Semiconductor Manufacturing Process Parameters Monitoring: Mathematical Modeling

Semiconductor Manufacturing Process Parameters Monitoring: Mathematical Modeling

1. The Fundamental Challenge

Modern semiconductor fabrication involves 500–1000+ sequential process steps, each with dozens of parameters requiring nanometer-scale precision.

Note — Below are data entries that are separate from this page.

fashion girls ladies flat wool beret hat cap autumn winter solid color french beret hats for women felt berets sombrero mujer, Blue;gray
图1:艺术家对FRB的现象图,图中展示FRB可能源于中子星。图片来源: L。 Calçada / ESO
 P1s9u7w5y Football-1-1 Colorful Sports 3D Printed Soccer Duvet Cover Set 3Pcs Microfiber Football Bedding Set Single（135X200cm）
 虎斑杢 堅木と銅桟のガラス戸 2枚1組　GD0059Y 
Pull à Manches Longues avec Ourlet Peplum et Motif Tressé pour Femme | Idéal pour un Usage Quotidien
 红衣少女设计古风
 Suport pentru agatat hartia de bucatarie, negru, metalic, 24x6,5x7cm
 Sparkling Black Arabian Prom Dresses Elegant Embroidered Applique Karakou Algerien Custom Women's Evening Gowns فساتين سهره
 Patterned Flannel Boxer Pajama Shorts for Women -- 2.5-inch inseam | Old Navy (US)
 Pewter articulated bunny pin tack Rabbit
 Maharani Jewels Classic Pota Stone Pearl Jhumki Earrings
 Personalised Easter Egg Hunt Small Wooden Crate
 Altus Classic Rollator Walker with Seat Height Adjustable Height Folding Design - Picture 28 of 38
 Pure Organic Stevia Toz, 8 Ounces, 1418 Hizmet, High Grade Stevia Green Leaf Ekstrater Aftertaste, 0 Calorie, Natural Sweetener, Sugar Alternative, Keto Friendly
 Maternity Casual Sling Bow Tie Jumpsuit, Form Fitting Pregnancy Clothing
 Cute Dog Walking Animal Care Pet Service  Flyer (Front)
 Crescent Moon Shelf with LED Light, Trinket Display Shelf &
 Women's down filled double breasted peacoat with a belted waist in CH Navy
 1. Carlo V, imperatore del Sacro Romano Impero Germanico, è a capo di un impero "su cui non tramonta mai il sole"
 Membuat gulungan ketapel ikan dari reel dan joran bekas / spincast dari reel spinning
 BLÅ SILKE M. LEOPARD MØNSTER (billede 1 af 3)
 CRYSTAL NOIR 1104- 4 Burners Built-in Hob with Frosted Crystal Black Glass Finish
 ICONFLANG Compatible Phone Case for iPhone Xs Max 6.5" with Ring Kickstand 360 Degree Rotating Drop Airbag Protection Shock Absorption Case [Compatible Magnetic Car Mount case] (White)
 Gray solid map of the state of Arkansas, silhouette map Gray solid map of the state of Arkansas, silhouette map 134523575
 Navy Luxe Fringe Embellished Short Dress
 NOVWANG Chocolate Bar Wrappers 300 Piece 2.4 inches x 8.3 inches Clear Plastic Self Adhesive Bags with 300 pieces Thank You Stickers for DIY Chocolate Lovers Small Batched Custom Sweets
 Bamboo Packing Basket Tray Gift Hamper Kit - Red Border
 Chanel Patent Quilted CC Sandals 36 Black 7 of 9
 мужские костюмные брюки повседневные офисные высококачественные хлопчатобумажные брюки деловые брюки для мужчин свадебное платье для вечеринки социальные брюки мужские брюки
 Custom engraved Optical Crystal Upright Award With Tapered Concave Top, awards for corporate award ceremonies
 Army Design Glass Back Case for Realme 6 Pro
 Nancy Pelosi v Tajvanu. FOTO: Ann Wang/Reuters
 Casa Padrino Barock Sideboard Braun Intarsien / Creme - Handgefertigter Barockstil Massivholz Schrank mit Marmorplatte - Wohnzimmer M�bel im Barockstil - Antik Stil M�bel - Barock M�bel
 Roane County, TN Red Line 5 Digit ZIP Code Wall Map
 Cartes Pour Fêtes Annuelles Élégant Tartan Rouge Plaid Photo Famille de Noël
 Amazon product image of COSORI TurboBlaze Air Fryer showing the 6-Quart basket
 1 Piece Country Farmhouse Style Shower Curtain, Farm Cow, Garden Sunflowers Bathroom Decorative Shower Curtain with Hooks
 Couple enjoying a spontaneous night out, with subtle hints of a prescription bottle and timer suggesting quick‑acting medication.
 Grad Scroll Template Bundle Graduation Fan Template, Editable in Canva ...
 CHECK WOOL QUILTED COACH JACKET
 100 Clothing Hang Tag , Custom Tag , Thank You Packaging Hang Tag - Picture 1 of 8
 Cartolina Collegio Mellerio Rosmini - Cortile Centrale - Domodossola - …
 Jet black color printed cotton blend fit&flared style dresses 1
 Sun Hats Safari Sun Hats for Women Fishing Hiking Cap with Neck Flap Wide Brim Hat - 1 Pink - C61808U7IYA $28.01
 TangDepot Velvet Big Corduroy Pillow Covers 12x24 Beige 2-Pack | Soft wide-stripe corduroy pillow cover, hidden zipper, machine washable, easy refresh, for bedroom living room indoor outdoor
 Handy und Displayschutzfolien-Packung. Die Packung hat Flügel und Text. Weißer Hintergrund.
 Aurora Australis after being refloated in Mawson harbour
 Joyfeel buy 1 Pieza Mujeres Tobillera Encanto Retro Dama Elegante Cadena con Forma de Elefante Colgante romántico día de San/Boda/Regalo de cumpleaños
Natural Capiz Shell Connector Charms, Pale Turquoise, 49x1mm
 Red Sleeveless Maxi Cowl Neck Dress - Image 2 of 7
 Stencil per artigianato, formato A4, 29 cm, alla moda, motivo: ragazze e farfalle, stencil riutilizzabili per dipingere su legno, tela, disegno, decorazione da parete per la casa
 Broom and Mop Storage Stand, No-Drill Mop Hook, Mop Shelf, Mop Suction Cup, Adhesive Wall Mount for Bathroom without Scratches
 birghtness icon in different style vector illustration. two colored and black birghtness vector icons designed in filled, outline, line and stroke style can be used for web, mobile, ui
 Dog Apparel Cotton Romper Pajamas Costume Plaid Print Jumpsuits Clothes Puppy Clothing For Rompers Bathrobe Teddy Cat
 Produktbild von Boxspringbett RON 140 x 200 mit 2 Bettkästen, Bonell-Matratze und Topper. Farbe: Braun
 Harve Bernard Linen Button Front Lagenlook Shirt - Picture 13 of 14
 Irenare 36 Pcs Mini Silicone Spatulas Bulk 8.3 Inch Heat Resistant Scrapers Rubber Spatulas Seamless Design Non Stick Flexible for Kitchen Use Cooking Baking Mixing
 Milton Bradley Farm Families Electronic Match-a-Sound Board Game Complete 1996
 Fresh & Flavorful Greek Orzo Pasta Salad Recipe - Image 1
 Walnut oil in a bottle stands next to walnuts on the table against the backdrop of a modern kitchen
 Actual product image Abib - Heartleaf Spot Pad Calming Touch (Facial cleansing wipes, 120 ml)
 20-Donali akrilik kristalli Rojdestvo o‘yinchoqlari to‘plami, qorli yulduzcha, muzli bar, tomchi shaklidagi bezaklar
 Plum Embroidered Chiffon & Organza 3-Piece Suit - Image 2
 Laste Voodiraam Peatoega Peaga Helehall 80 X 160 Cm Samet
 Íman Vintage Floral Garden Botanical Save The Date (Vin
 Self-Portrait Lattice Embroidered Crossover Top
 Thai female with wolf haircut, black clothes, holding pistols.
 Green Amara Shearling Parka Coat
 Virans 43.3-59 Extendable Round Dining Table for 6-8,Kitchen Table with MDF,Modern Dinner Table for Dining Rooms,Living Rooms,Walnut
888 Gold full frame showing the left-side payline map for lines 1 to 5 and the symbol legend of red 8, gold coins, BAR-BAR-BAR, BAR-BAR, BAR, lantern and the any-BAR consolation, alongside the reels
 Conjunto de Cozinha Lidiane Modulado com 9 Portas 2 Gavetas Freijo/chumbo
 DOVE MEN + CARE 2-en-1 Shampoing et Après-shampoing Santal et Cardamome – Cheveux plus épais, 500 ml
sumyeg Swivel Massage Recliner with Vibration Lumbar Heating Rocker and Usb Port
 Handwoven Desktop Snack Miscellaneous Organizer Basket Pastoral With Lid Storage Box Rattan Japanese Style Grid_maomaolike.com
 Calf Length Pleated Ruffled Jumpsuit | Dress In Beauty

Key Process Types and Parameters

- Lithography: exposure dose, focus, overlay alignment, resist thickness
- Etching (dry/wet): etch rate, selectivity, uniformity, plasma parameters (power, pressure, gas flows)
- Deposition (CVD, PVD, ALD): deposition rate, film thickness, uniformity, stress, composition
- CMP (Chemical Mechanical Polishing): removal rate, within-wafer non-uniformity, dishing, erosion
- Implantation: dose, energy, angle, uniformity
- Thermal processes: temperature uniformity, ramp rates, time

2. Statistical Process Control (SPC) — The Foundation

2.1 Univariate Control Charts

For a process parameter $X$ with samples $x_1, x_2, \ldots, x_n$:

Sample Mean:

$$
\bar{x} = \frac{1}{n}\sum_{i=1}^{n} x_i
$$

Sample Standard Deviation:

$$
\sigma = \sqrt{\frac{1}{n-1}\sum_{i=1}^{n}(x_i - \bar{x})^2}
$$

Control Limits (3-sigma):

$$
\text{UCL} = \bar{x} + 3\sigma
$$

$$
\text{LCL} = \bar{x} - 3\sigma
$$

2.2 Process Capability Indices

These quantify how well a process meets specifications:

- $C_p$ (Potential Capability):

$$
C_p = \frac{USL - LSL}{6\sigma}
$$

- $C_{pk}$ (Actual Capability) — accounts for centering:

$$
C_{pk} = \min\left[\frac{USL - \mu}{3\sigma}, \frac{\mu - LSL}{3\sigma}\right]
$$

- $C_{pm}$ (Taguchi Index) — penalizes deviation from target $T$:

$$
C_{pm} = \frac{C_p}{\sqrt{1 + \left(\frac{\mu - T}{\sigma}\right)^2}}
$$

Semiconductor fabs typically require $C_{pk} \geq 1.67$, corresponding to defect rates below ~1 ppm.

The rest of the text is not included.